→ **Aim of the exercise**:
Go over the entries below line by line, copying each one that contains the word "from".

→ **Extracted records**:
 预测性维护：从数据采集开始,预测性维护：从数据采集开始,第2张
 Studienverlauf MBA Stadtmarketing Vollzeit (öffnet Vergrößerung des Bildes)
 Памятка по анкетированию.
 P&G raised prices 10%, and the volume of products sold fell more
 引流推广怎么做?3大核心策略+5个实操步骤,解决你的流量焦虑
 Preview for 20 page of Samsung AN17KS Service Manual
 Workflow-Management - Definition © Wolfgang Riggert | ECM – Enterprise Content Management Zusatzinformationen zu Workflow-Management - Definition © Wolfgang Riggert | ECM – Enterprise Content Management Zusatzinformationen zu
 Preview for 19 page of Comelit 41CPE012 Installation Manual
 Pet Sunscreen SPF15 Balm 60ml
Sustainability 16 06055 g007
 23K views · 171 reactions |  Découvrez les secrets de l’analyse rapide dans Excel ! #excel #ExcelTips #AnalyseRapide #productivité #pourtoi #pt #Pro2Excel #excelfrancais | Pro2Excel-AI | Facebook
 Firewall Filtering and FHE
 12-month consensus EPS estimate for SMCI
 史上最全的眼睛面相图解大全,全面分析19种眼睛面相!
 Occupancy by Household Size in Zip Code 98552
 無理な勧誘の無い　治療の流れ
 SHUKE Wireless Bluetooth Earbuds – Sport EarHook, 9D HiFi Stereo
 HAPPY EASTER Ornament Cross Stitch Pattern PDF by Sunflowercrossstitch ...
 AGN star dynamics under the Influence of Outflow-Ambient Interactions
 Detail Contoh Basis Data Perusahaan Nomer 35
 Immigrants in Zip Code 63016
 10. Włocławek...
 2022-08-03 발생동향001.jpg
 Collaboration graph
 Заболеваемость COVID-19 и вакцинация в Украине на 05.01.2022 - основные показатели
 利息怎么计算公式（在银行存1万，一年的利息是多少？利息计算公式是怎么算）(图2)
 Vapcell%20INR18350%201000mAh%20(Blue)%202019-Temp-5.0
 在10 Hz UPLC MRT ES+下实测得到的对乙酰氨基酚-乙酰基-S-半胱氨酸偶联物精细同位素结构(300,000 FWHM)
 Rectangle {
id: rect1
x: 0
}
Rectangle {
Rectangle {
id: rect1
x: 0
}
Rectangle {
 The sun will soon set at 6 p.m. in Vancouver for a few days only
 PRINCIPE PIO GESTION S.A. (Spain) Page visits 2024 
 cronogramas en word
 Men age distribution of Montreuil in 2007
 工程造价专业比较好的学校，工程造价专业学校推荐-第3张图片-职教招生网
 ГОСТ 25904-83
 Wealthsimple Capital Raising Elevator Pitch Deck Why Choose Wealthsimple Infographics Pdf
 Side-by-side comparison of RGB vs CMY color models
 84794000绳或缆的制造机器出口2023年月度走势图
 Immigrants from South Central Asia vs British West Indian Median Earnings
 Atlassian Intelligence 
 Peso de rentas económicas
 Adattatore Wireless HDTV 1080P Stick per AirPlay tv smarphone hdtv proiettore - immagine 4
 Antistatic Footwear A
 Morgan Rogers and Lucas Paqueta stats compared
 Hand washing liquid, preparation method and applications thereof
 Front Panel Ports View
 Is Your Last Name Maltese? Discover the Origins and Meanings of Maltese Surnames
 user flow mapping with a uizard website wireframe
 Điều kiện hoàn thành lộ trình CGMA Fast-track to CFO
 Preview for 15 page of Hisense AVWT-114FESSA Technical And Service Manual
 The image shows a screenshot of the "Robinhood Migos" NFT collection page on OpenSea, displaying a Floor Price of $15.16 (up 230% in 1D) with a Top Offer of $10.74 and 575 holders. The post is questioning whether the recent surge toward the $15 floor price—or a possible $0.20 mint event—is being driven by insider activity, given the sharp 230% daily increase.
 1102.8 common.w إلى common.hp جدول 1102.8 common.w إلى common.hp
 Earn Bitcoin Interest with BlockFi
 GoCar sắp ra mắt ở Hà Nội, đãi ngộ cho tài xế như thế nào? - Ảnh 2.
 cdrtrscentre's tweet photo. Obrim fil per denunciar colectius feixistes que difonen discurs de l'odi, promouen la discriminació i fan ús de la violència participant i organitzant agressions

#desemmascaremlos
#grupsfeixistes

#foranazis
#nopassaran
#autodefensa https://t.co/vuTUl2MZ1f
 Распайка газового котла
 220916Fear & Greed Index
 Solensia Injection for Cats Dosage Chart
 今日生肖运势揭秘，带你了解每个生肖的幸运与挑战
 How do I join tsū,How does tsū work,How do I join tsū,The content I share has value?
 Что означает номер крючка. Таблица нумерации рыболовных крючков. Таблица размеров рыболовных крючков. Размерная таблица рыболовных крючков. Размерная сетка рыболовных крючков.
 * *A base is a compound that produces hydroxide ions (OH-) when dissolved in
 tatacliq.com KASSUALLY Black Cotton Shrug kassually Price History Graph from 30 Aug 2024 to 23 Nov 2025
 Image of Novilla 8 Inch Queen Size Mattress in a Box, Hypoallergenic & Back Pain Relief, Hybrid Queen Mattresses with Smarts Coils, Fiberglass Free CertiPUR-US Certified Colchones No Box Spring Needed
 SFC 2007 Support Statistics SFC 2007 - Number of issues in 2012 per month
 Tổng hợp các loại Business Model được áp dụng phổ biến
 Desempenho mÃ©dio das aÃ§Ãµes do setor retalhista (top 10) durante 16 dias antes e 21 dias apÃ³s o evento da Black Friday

→ **Completed task**:
 Immigrants from South Central Asia vs British West Indian Median Earnings
 tatacliq.com KASSUALLY Black Cotton Shrug kassually Price History Graph from 30 Aug 2024 to 23 Nov 2025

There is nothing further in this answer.